SUPPLIED ENTRIES |
*****
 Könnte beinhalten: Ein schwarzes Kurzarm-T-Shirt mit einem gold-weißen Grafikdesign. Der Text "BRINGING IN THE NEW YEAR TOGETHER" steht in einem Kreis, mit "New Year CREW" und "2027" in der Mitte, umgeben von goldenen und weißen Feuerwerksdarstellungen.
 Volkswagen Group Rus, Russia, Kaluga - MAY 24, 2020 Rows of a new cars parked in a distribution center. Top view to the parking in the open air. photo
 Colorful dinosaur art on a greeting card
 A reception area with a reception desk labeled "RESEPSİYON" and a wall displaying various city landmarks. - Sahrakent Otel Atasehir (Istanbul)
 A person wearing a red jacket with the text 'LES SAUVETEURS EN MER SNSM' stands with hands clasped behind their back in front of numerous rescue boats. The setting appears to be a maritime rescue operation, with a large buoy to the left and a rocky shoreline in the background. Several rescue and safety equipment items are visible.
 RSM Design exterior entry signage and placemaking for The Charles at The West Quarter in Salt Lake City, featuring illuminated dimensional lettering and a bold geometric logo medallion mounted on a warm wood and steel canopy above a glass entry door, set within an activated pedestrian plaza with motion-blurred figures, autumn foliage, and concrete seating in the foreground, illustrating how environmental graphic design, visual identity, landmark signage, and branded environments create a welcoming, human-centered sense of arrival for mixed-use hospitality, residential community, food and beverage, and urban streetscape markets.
*****
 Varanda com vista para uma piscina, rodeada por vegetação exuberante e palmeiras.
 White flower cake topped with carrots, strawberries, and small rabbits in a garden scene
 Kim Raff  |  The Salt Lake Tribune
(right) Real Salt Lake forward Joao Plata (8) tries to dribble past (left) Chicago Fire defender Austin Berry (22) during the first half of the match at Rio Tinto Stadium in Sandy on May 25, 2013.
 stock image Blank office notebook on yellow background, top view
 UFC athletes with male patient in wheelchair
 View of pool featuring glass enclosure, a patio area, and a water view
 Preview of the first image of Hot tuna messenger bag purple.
*****
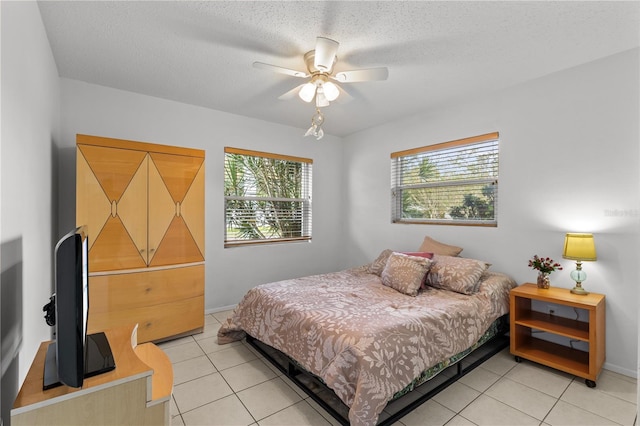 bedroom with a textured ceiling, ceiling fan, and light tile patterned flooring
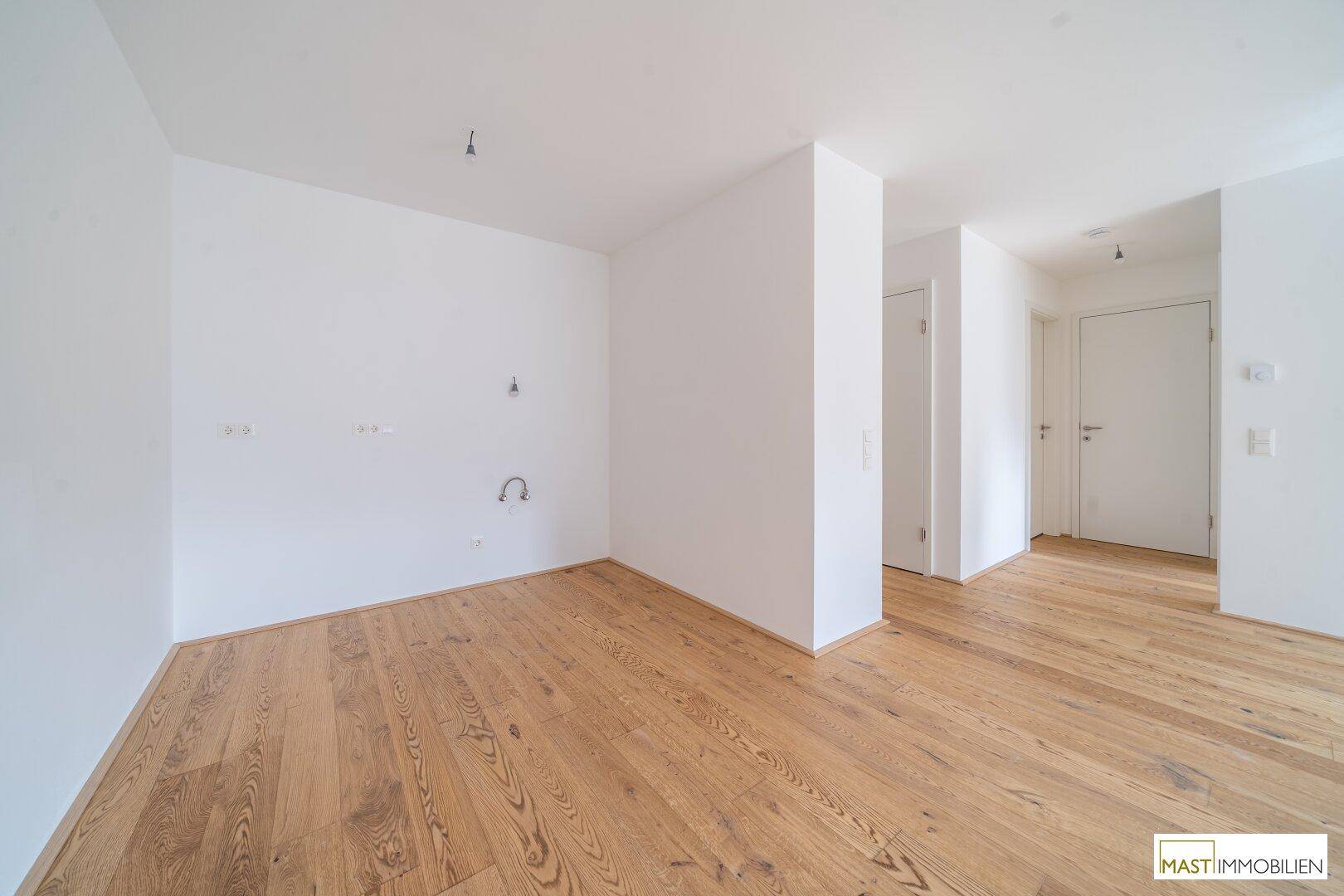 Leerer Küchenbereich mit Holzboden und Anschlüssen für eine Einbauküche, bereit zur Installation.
*****
In the listing above, locate the line containing "Colorful dinosaur art on a greeting card" and the line containing "A person wearing". Transcribe those two lines and everything between them, exactly as written.

FINAL ANSWER |
 Colorful dinosaur art on a greeting card
 A reception area with a reception desk labeled "RESEPSİYON" and a wall displaying various city landmarks. - Sahrakent Otel Atasehir (Istanbul)
 A person wearing a red jacket with the text 'LES SAUVETEURS EN MER SNSM' stands with hands clasped behind their back in front of numerous rescue boats. The setting appears to be a maritime rescue operation, with a large buoy to the left and a rocky shoreline in the background. Several rescue and safety equipment items are visible.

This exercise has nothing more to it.